パレスティナ政府もフランスへの期待はもっていないでしょう。米国に代わる仲介者として、先日パレスティナ政府の代表団がロシアと中国を訪問しました。彼らが期待している(もしくは米国やイスラエルへのブラフの効果があると考えている)のはこの二カ国なのでしょうが、ロシアはともかく中国は中東への本格的な影響力はなく、火中の栗を拾おうともしないでしょう。ロシアはイランやシリアとの連携関係があることから、イスラエルを牽制しようとすることは考えられます。ロシアにとっては、米国の中東地域への影響力を揺るがすうえでも、使い道のあるカードではあるでしょう。ただし、イスラエルがロシアに仲介者の役割を期待するということはありませんが。

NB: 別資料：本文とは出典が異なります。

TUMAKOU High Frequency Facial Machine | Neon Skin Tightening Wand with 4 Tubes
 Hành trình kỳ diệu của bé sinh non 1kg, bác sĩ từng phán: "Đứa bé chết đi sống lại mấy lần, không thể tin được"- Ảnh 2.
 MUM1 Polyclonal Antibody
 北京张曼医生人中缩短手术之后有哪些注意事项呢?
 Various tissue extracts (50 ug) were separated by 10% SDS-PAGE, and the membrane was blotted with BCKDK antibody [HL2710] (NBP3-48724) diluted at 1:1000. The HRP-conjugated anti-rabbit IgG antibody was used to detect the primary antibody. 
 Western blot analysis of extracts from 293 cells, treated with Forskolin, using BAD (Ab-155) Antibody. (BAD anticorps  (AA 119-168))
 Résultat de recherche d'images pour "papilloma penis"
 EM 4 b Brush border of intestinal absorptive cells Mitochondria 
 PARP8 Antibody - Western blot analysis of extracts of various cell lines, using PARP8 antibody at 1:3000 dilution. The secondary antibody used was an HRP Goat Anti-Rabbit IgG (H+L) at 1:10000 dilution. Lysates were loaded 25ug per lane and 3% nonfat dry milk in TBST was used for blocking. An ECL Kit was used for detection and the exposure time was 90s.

パレスチナによる米国拒否によって空いたイスラエル・パレスチナ和平の仲介役のポストにフランスが積極的な姿勢を示しているとのこと。
米国は、国際社会が推進する2国家案(イスラエルと将来建設するパレスチナ国家の共存)を阻害する目下の問題であるイスラエルによるヨルダン川西岸地区へのユダヤ人入植地と分離壁の拡大、ガザ地区での武力封鎖などに対し有効な手立てを打てませんでした。

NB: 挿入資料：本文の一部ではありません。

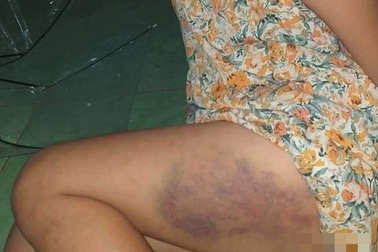 Đắk Lắk: Tạm đình chỉ cô giáo đánh bầm tím đùi học sinh lớp 3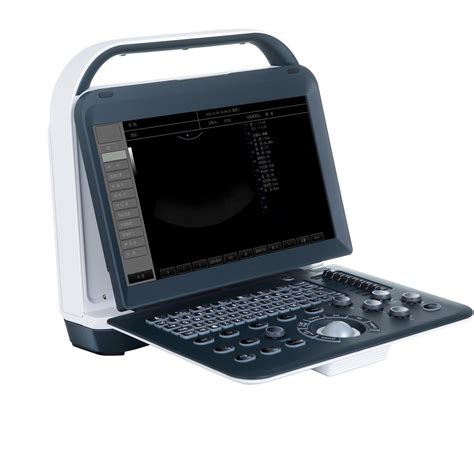 Portable Full Digital Color Doppler Uitrasound Scanner Ultrasound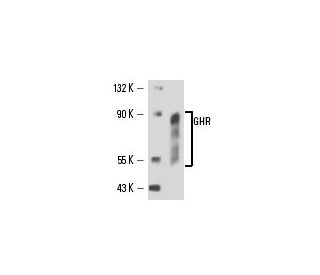 GHR Antibody (MAB 1) - Western Blotting - Image 16383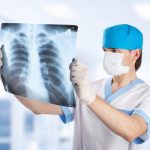Radiografías a domicilio: ¿Qué son?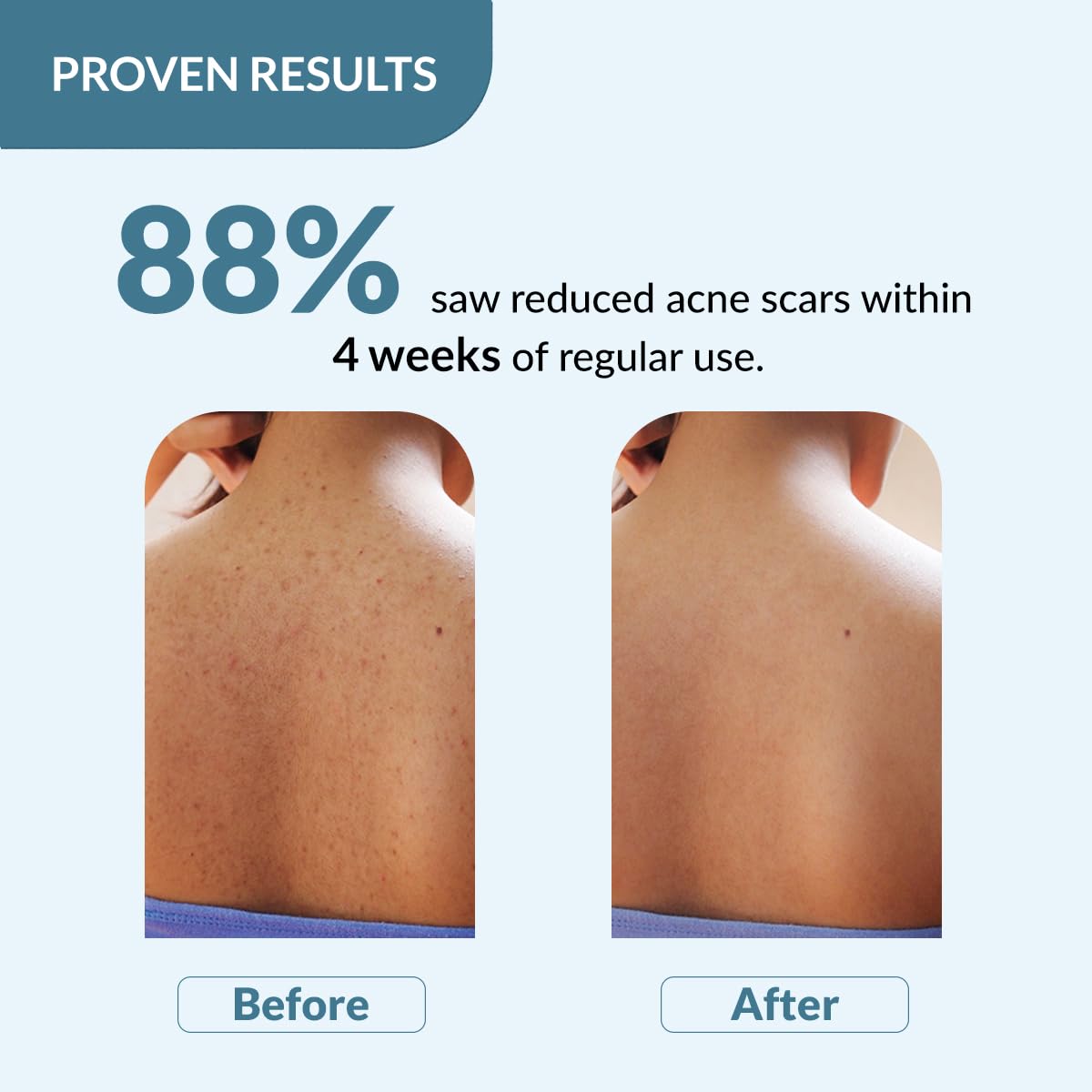 4x FIXDERMA Salyzap 2% Salicylic Acid Body Wash - 200ml each (Pack of 4)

現状維持でじわじわと首を絞められているパレスチナにとっては、フランスの仲介により変化が起きると期待をもてる可能性はあるでしょう。
一方、イスラエルは親友アメリカに代わって間に立とうとするフランスを真剣に相手をするでしょうか。自国の存在感を取り戻したいという下心が丸見えで、過度な期待はしない方が良さそうですね。
アラブの春の時も旧宗主国として何も出来なかった(しなかった)のに、今更出てきても大きな影響力は行使できないでしょう。